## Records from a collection
****************************************

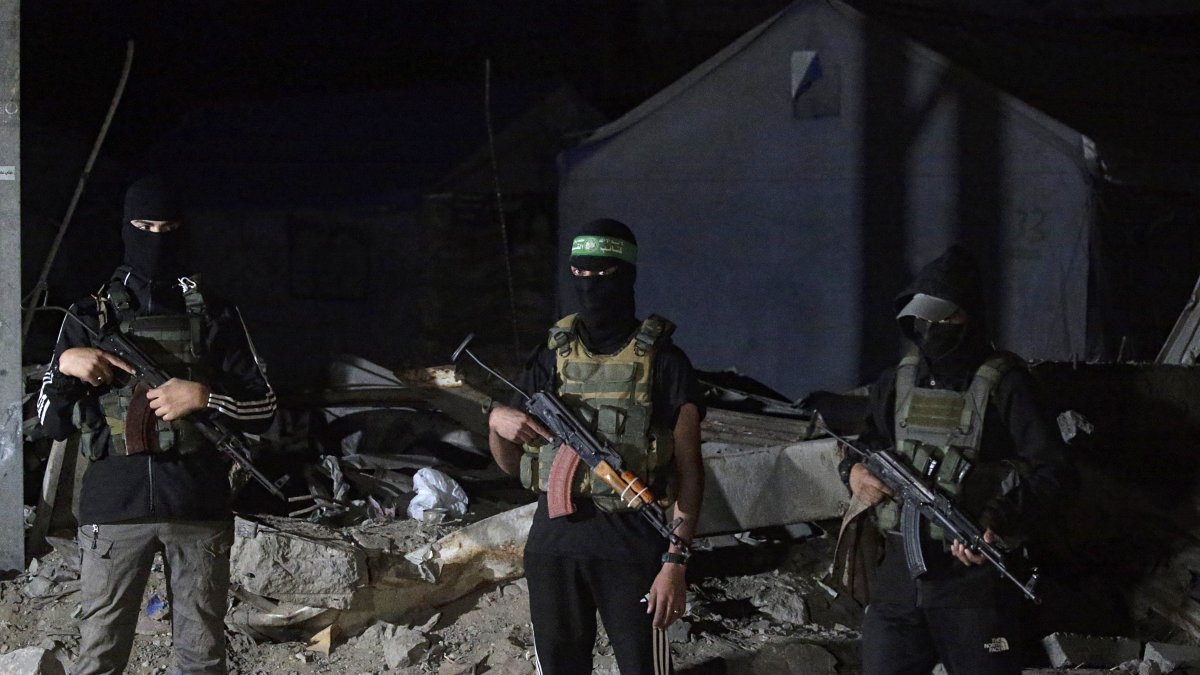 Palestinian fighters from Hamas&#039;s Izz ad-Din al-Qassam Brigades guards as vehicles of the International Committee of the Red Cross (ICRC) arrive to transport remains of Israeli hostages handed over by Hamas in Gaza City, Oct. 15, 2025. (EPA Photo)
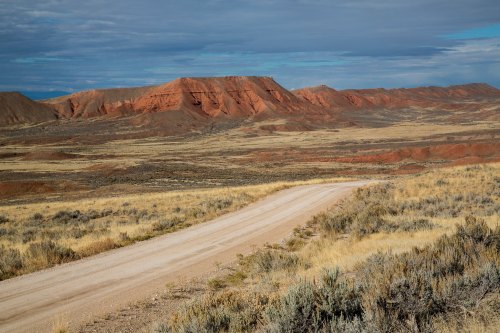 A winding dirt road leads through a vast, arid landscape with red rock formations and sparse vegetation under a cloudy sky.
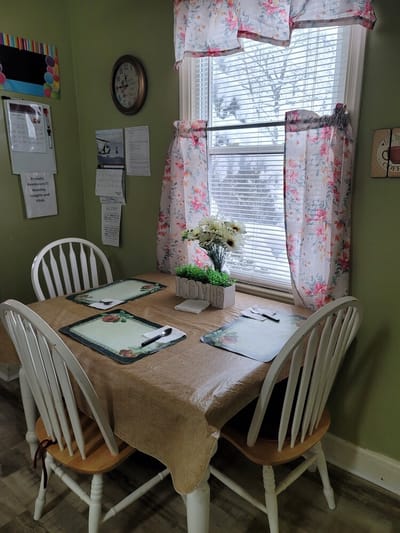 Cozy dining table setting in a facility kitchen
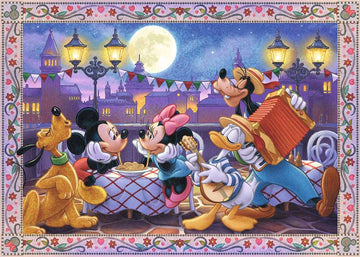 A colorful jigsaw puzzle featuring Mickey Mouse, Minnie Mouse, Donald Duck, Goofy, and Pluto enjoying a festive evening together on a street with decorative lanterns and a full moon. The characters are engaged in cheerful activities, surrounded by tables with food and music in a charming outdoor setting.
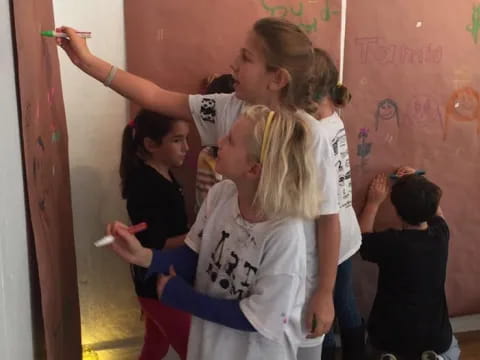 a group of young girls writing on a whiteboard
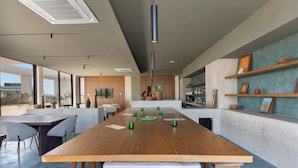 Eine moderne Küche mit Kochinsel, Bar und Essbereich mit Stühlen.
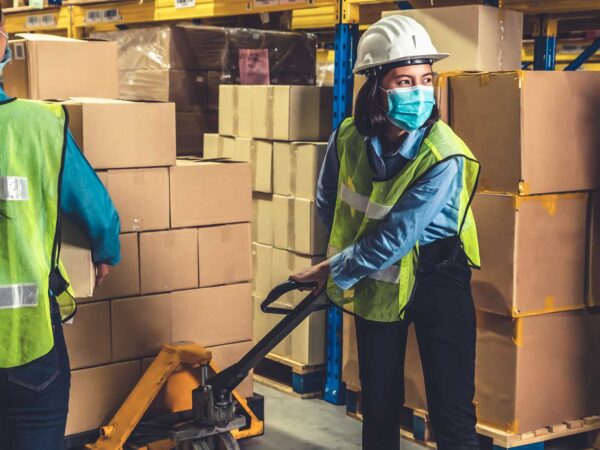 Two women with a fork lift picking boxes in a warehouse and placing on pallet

****************************************

## DIRECTIONS
Every line above is to be given again exactly, apart from the pictures.

## EXERCISE RESULT
 Palestinian fighters from Hamas&#039;s Izz ad-Din al-Qassam Brigades guards as vehicles of the International Committee of the Red Cross (ICRC) arrive to transport remains of Israeli hostages handed over by Hamas in Gaza City, Oct. 15, 2025. (EPA Photo)
 A winding dirt road leads through a vast, arid landscape with red rock formations and sparse vegetation under a cloudy sky.
 Cozy dining table setting in a facility kitchen
 A colorful jigsaw puzzle featuring Mickey Mouse, Minnie Mouse, Donald Duck, Goofy, and Pluto enjoying a festive evening together on a street with decorative lanterns and a full moon. The characters are engaged in cheerful activities, surrounded by tables with food and music in a charming outdoor setting.
 a group of young girls writing on a whiteboard
 Eine moderne Küche mit Kochinsel, Bar und Essbereich mit Stühlen.
 Two women with a fork lift picking boxes in a warehouse and placing on pallet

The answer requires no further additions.